The North Carolina Piedmont Triad's source for Entertainment. Arts. Music. And More.
116 E. Main St., Jamestown
Salads: $7.50-$9.95
Sandwiches: $6.75-$9.95
Sides: $1.95-$3.50
Drinks: $1.50
Soup (seasonal): $3.95
Dessert: $1.50-$4.50
Hours: 11 a.m.-6:30 p.m. Monday-Friday, 11 a.m.-5 p.m. Saturday, closed Sunday
Information: 887-0001, www.rivertwistshop.com
Nothing beats a restaurant with a great patio. I like patio dining so much, in fact, I have a running list of favorite Triad patios for different times of day and year, with some being best for weekend brunch, some best for enjoying a late afternoon beer and fries, others best for catching and holding the last of the day's heat once the weather starts turning cool.
I'm always looking to expand this list, and I've just managed to do so with Jamestown's River Twist Kitchen. The tiny restaurant has not just one but two outdoor seating areas -- the upper deck is covered, providing a shady respite from the sun, and the lower-level patio is open and airy, dappled with sunlight and filled with charming, mismatched patio furniture, plants and garden décor.
River Twist is a gift, garden and design shop.
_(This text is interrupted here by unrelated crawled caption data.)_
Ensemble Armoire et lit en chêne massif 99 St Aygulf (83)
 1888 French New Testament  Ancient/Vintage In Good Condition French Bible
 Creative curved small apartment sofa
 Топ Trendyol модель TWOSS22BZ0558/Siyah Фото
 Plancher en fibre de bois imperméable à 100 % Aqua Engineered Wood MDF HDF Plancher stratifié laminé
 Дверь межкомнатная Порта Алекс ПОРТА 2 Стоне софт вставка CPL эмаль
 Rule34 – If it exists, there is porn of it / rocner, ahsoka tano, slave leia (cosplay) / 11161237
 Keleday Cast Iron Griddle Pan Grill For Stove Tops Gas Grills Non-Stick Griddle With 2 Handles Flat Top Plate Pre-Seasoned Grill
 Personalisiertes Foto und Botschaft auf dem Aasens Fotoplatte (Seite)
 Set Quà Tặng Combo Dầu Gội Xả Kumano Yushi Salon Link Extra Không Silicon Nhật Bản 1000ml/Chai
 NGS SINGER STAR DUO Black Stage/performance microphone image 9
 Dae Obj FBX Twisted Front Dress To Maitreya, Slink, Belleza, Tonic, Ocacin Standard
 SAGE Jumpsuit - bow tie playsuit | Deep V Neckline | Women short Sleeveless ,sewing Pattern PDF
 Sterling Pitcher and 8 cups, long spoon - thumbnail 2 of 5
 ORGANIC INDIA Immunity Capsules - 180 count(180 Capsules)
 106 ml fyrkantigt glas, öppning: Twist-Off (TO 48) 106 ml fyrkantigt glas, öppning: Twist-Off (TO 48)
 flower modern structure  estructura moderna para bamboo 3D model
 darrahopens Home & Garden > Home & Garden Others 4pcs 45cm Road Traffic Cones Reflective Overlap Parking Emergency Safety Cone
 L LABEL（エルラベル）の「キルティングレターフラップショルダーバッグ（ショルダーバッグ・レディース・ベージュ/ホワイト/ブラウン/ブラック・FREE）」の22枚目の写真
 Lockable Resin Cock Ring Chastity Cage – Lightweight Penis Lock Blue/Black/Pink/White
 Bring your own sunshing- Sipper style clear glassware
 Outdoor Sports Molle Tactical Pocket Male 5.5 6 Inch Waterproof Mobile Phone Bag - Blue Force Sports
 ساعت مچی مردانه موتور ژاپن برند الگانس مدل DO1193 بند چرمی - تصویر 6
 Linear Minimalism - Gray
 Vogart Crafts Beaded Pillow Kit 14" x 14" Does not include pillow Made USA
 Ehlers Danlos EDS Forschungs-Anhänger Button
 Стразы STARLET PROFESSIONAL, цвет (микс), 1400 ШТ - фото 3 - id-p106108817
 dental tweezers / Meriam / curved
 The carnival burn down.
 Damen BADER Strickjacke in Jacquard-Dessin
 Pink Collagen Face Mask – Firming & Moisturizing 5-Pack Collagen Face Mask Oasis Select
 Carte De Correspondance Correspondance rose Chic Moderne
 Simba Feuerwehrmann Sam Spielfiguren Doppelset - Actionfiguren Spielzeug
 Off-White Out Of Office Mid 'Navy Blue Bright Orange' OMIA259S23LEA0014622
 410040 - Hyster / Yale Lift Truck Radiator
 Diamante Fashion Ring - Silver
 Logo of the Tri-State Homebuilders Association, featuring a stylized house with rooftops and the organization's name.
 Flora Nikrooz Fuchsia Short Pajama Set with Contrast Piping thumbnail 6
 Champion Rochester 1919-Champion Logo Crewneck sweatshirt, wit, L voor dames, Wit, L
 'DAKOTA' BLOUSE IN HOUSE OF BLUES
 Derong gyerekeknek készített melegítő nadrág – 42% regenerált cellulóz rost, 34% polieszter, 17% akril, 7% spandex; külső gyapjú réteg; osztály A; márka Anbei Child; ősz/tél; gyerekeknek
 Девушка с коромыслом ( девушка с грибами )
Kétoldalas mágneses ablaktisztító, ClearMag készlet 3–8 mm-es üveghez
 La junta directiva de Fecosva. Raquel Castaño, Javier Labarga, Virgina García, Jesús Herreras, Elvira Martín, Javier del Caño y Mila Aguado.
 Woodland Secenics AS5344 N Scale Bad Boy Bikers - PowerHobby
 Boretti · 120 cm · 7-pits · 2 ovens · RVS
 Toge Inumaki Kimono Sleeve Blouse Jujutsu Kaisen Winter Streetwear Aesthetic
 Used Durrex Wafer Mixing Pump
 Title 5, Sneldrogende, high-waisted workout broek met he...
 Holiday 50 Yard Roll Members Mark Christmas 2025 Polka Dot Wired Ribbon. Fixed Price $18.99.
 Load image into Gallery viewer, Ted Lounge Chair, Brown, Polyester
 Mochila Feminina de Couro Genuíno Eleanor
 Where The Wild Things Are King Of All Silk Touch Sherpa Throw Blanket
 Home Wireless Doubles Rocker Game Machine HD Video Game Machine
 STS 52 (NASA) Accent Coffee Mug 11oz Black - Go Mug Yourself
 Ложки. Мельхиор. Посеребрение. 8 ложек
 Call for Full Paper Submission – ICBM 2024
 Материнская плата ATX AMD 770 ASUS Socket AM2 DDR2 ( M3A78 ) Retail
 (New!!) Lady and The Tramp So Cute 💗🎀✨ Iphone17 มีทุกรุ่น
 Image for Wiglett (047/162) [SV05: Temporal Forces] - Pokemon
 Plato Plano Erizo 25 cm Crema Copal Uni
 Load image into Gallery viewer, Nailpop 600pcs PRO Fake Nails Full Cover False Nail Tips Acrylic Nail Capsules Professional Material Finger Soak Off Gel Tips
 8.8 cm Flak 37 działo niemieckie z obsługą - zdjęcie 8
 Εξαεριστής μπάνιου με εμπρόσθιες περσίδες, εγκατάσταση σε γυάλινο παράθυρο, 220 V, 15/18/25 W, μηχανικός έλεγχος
The gift shop is on Main Street, and the café can be reached either by driving around to the lower level in back or walking through the upper deck behind the store. Pass through some seating and more garden statues, and wind down the wooden stairs, past the lily pads and koi in the fishpond, to the lower patio and the café's door. Orders are placed at the counter and delivered to the table a few minutes later. A handful of tables lines one wall of the café, but the majority of seating is outside.
River Twist's menu comprises a selection of salads, sandwiches, wraps and burgers. It includes a pretty interesting range of offerings not found at your typical sandwich shop.
Take, for instance, the crab cake sliders -- lightly floured and sautéed, served on wheat rolls with tomato, baby spinach, whole-grain mustard and a chive remoulade. The J. Michael sandwich pairs grilled summer squash with fresh mozzarella, roasted red peppers, greens and an herb mayonnaise. There are meatloaf sliders on the menu, as well as a ½-pound burger. A chicken wrap comes with white wine dressing, romaine, tomato and shaved Parmesan, and the turkey croissant features turkey salad made with house-roasted turkey, candied walnuts, celery and dried cranberries. I appreciate River Twist roasting its own turkey and next time would likely order the shaved roasted turkey sandwich with sautéed onions, melted Muenster and honey mustard, served on rye and "grilled to perfection."
This time, though, I opted for a salad. Rather than the Steak and Blue Cheese or Caribbean Flat-Iron Chicken salads, I chose the Onion Ring Chicken Salad. A good amount of juicy, pan-seared chicken breast had been thinly sliced atop a bed of crisp romaine, chopped cucumbers, tomatoes, hard-boiled egg and shredded cheese. Slivers of breaded and fried onion topped the salad, and the honey mustard dressing that came on the side was a tangy accompaniment. Other salads include greens topped with crab cakes, roasted peppers, corn and onion relish. Another tops greens with fajita-spiced sirloin grilled with onions and peppers and a cilantro ranch dressing.
As a side, I tried the potato salad, which was simple but savory. Perfectly cooked potatoes were dressed in dill-scented mustard and mayonnaise, with crisp slivers of celery and dill pickle adding both crunch and flavor.
I typically find mayonnaise-dressed salads too heavy, too mayonnaisey, but this one was anything but. I really enjoyed it, though I did think the portion size could have been a bit more generous.
For dessert, River Twist offers a small selection of cakes, cookies and the occasional brownie, courtesy of Greensboro's Maxie B's.
The food at River Twist is fresh-tasting and well-executed, and even though it might cost a bit more than I'd pay for a sandwich every day of the week, the prices feel reasonable given the quality. And the patio dining, particularly as fall settles in, is lovely.
My only quibbles have to do with details - details that could make an otherwise good meal great.
When going out for a meal of this sort -- casual but beyond the everyday in concept and price -- I expect a certain level of detail to match the food. Silverware and simple dishes would suit this food much better than the plastic currently in use.
Also, a more interesting selection of beverages would complement the food and add to the restaurant's uniqueness. There are so many tasty and unusual drinks on the market -- fruit-based sparklers, bottled sodas made with real sugar instead of corn syrup and bottled waters -- it would make sense to offer them at a restaurant that, like River Twist, seems to be aiming to provide a dining experience beyond the usual. Upping the ante with a few simple changes could turn a simple, good meal into something more like a special occasion.